Leave out every picture, and restate word for word only the lines from the one containing "Reťaz MagicHome Vianoce" through the end of the material.

=== Begin Enclosure ===

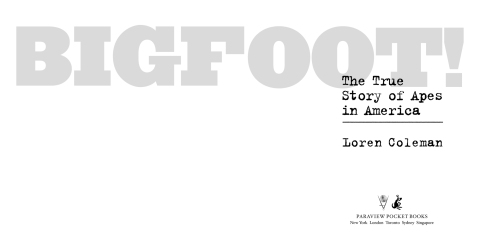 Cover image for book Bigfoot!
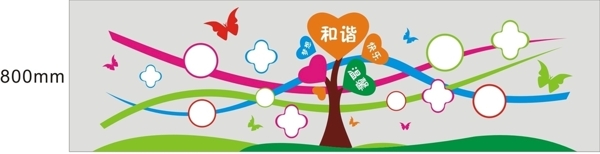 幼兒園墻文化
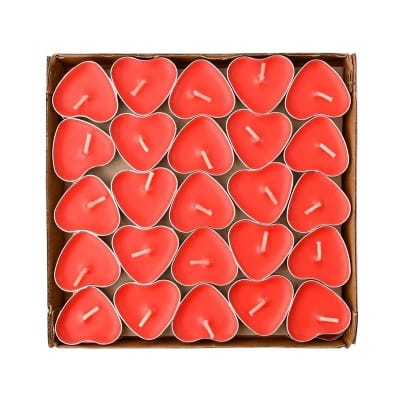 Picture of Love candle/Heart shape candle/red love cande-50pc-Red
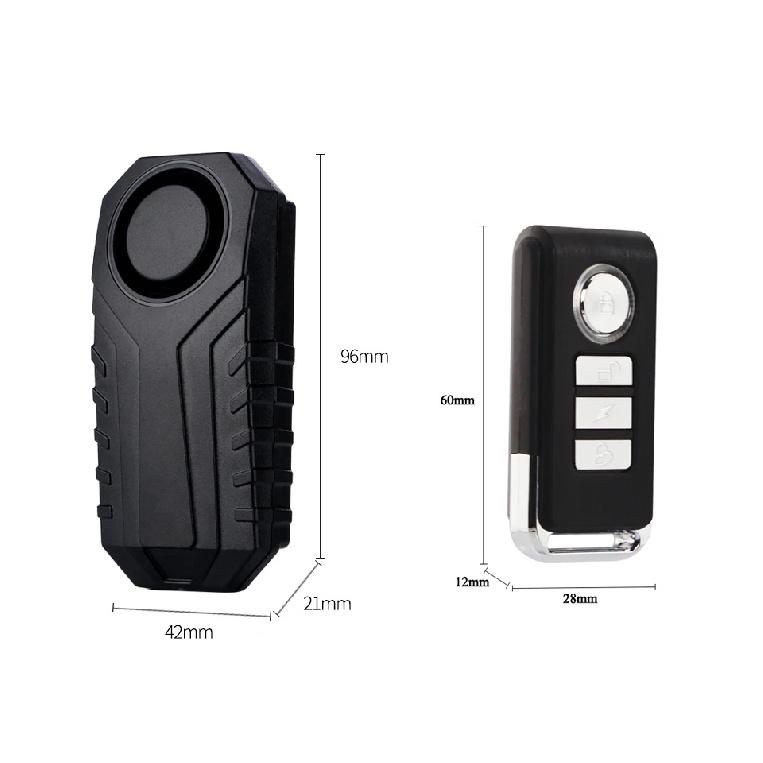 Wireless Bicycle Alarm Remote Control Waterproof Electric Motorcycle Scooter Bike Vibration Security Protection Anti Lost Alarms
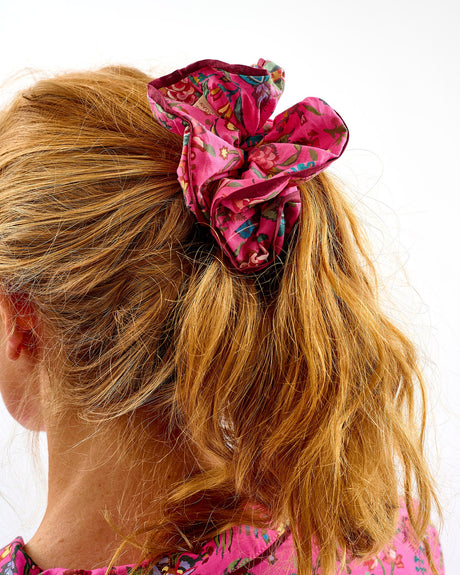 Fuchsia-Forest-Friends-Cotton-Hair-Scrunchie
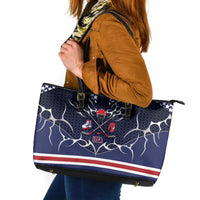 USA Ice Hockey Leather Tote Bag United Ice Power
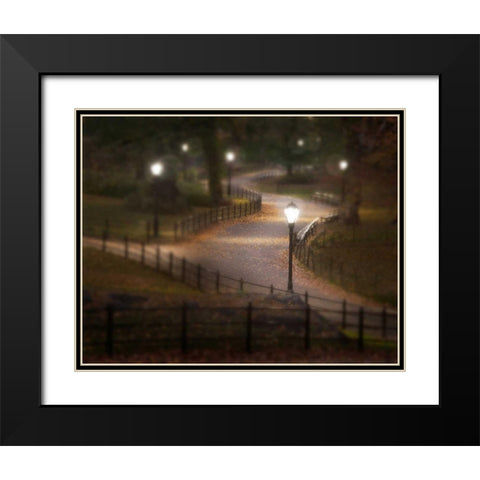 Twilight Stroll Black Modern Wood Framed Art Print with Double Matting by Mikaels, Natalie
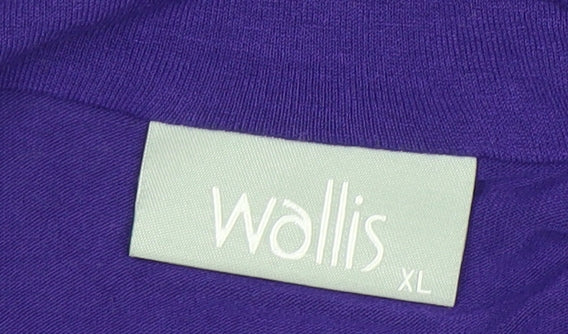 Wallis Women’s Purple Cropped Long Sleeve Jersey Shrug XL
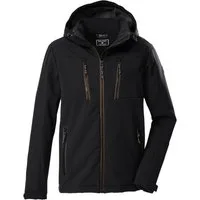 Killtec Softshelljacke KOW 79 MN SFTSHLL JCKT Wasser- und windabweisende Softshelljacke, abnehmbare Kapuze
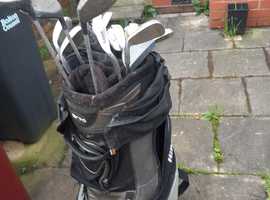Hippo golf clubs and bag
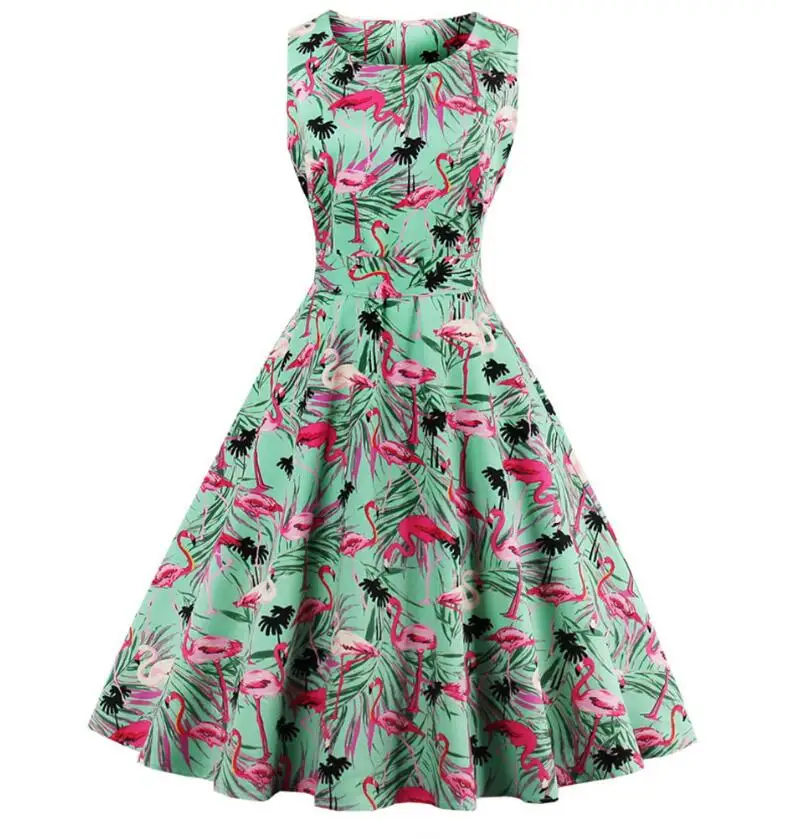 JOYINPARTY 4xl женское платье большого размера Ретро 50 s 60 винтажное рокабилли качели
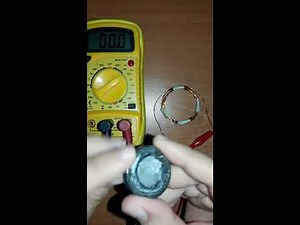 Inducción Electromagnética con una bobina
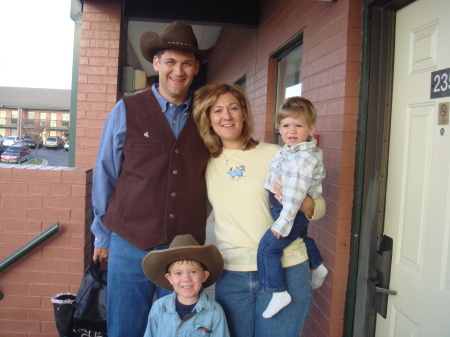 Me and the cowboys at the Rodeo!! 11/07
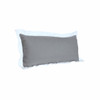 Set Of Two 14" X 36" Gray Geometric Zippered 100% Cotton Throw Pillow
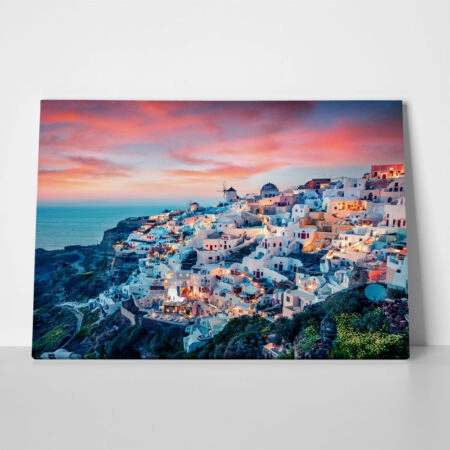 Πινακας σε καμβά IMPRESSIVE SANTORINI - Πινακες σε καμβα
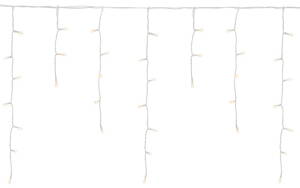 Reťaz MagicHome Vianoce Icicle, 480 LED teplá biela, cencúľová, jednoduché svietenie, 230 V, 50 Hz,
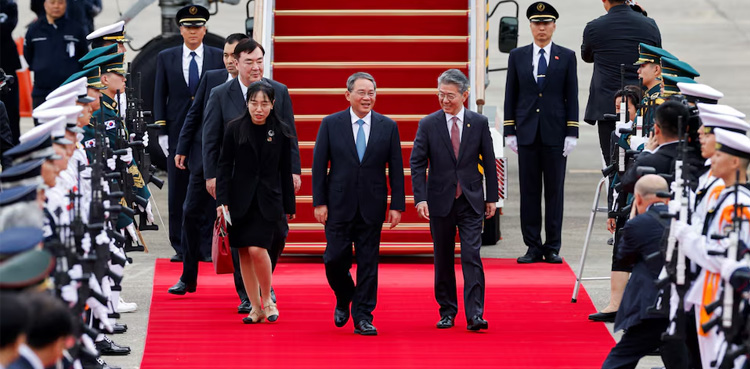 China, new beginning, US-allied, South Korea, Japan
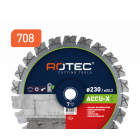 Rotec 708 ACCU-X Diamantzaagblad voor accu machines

=== End Enclosure ===

**Written solution**
 Reťaz MagicHome Vianoce Icicle, 480 LED teplá biela, cencúľová, jednoduché svietenie, 230 V, 50 Hz,
 China, new beginning, US-allied, South Korea, Japan
 Rotec 708 ACCU-X Diamantzaagblad voor accu machines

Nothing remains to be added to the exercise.